Financial guarantee liabilities are recognised initially at fair value plus transaction costs that are directly attributable
to the issue of the financial guarantee liabilities. After initial recognition, such contracts are measured at the higher
of the present value of the best estimate of the expenditure required to settle the present obligation and the amount
initially recognised less cumulative amortisation.
Financial guarantee liabilities are derecognised from the balance sheet when, and only when, the obligation
specified in the contract is discharged or cancelled or expired.
(aa) PROVISIONS AND CONTINGENT LIABILITIES
Provisions are recognised when the Group has a present legal or constructive obligation as a result of past events; it
is probable that an outflow of resources will be required to settle the obligation; and the amount has been reliably
estimated. Provisions are not recognised for future operating losses.

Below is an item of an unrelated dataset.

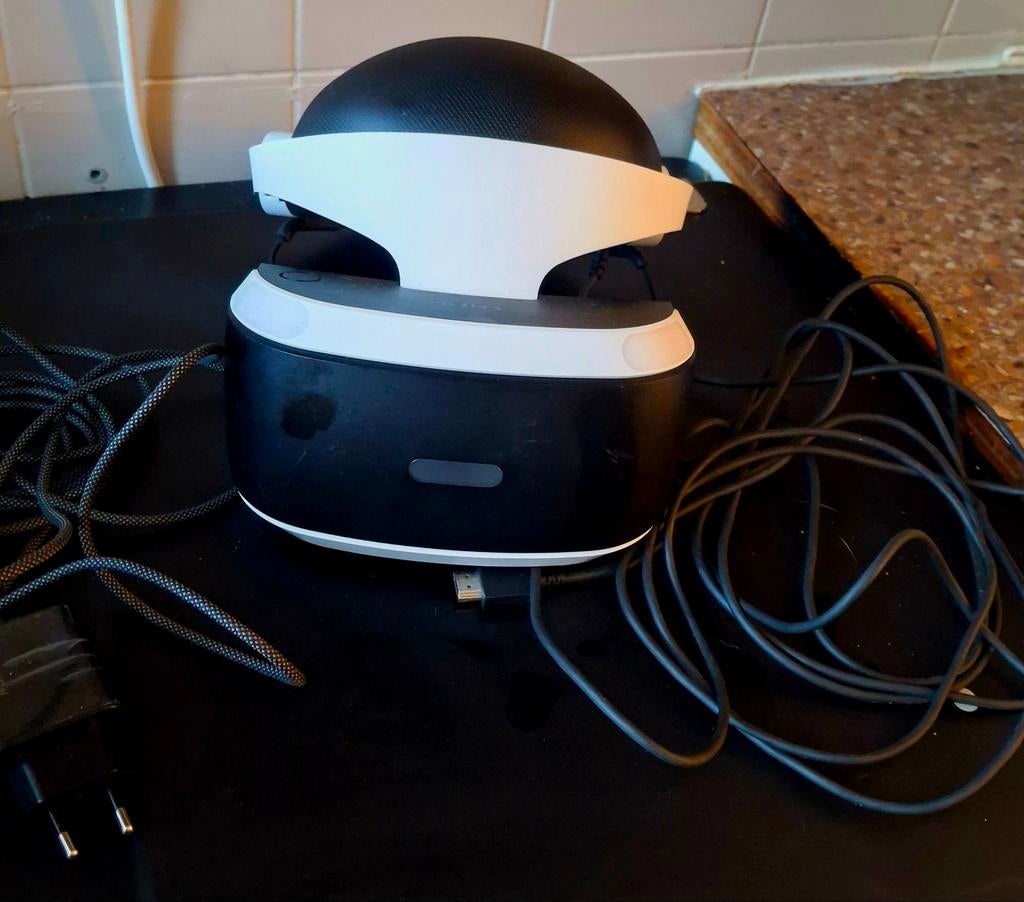 PS4 VR bril + PS4 console - Wegens overstap PS5, Spelcomputers en Games, Virtual Reality, Ophalen of Verzenden, Gebruikt, VR-bril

Where there are a number of similar obligations, the likelihood that an outflow will be required in settlement is
determined by considering the class of obligations as a whole. A provision is recognised even if the likelihood of an
outflow with respect to any one item included in the same class of obligations may be small.
Provisions are measured at the present value of the expenditures expected to be required to settle the obligation
using a pre-tax rate that reflects current market assessments of the time value of money and the risks specific to the
obligation. The increase in the provision due to passage of time is recognised as interest expense.
A contingent liability is a possible obligation that arises from past events and whose existence will only be
confirmed by the occurrence or non-occurrence of one or more uncertain future events not wholly within the
control of the Group. It can also be a present obligation arising from past events that is not recognised because it is
not probable that outflow of economic resources will be required or the amount of obligation cannot be measured
reliably.
A contingent liability is not recognised but is disclosed in the notes to the consolidated financial statements. When a
change in the probability of an outflow occurs so that outflow is probable, it will then be recognised as a provision.
(ab) GOVERNMENT GRANTS
Grants from the government are recognised at their fair value where there is a reasonable assurance that the grant
will be received and the Group will comply with all attached conditions. Government grants related to income and
not related to assets are recognised in the consolidated statement of comprehensive income.
(ac) SEGMENT REPORTING
Operating segments are reported in a manner consistent with the internal reporting provided to the chief operating
decision-maker. The chief operating decision-maker is responsible for making strategic decisions, allocating
resources and assessing performance of the operating segments.